Animation wise, this episode is just like the rest of the series, cute and sparkly even if motion-challenged. Although the show didn't air due to its placement--it wouldn't have been an appropriate closing episode by any stretch--it also contains a bit more fan service than the average episode, which made it more appropriate for a home release. As a story, it's fun. It avoids the whole Naru/Keitaro angle entirely, and that's a welcome relief. I do still have a beef with the episode, in that its ending adds yet another "possession by evil spirit/object" story to the canon. This tactic showed up twice in the regular TV run and makes its third appearance here. That's simply inexcusable for a show that isn't at all about supernatural forces. Otherwise, it's better than many episodes that made air.
However, the DVD is not primarily about that episode, but about the Christmas special. It's only 40 minutes long, so calling it a movie is deliberately misleading, but fans won't care. In this episode, Christmas is rapidly approaching, and the residents of Hinata Inn have all been seized by an urban legend that's making its way through the streets of Tokyo. According to the rumor, if you confess your love for somebody on Christmas Eve, your dearest wish will come true. The usual suspects start considering finally declaring how they feel about each other, with all the typical ramifications and consequences up in the air. Though Keitaro sprains an ankle, Naru causes a misunderstanding with a mysterious letter, and the others get in the way of true love by happenstance, all works out by the time the clock strikes midnight on Christmas Eve. Was there any doubt?
For a show advertised as a movie, it doesn't look it.
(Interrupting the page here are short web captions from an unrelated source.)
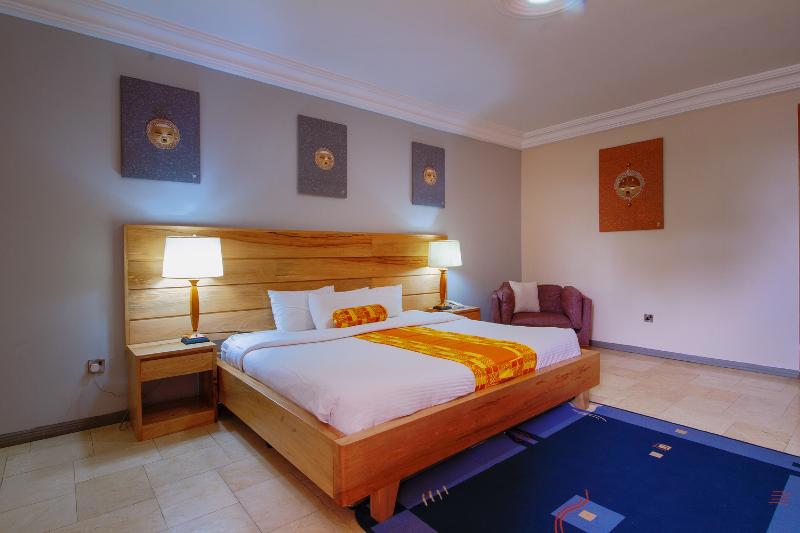 Central Hotel - Osu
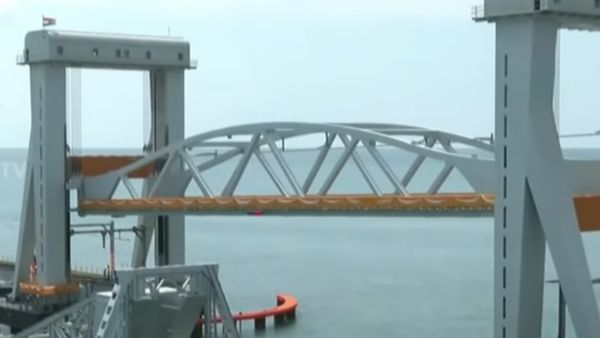 பிரதமர் மோடி திறந்து வைத்த சில நிமிடங்கள்.. பாம்பன் செங்குத்து தூக்கு பாலத்தில் பழுது.. என்ன நடந்தது?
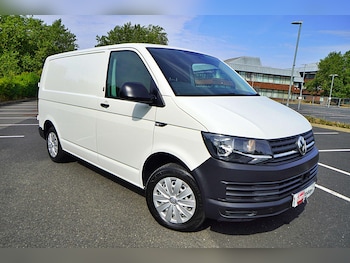 Used Volkswagen Transporter 2018 for sale - 75370777: Photo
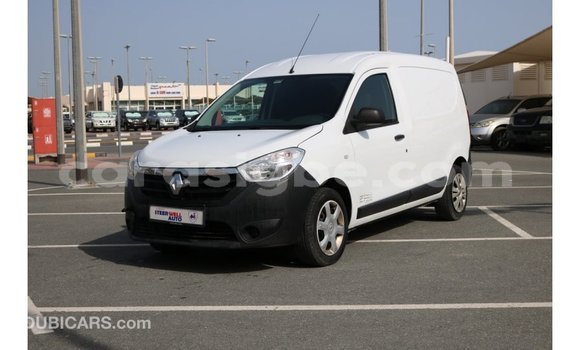 Acheter Import Voiture Renault Dokker Blanc à Import - Dubai, Togo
Sure, it's an OVA, but there's not much improvement over the look of the TV show, except for a bit more detail in the backgrounding. But that's not what this special is about; it's about getting Naru and Keitaro together. Problems still abound like they did in the TV series, but there's a lot of great stuff going on as well. On one hand, the contrivances that keep these two apart cover every anime cliché and push them to the breaking point. There's also a tacked-on ending that exists only to allow extra episodes to come afterwards, making less important the resolution the rest of the show strives to attain. But unlike other episodes, this one kept me going in spite of its faults. There's a sense of melancholy pervading this special that brought additional depth to its characters, and there's not nearly as much useless humor. For once, they play straight with us as an audience, letting us really feel for the characters. The show's true ending at five minutes to Christmas is simple yet lovely. I can honestly say I enjoyed this special.
So what for the future? There's more Love Hina to be reviewed, and the Spring Special and Love Hina Again will be on the docket soon. Frankly, I think the Christmas movie is about the best way they could have ended the series, particularly if you ignore the ignominious last minute, so I'll be going into those shows with a bit of trepidation. But if you've watched the TV show and enjoyed it, then this DVD is required viewing--it's better than virtually any single episode before it. I'm not going so far as to recommend Love Hina itself, but I will recommend this for anybody who's enjoyed getting through the TV episodes.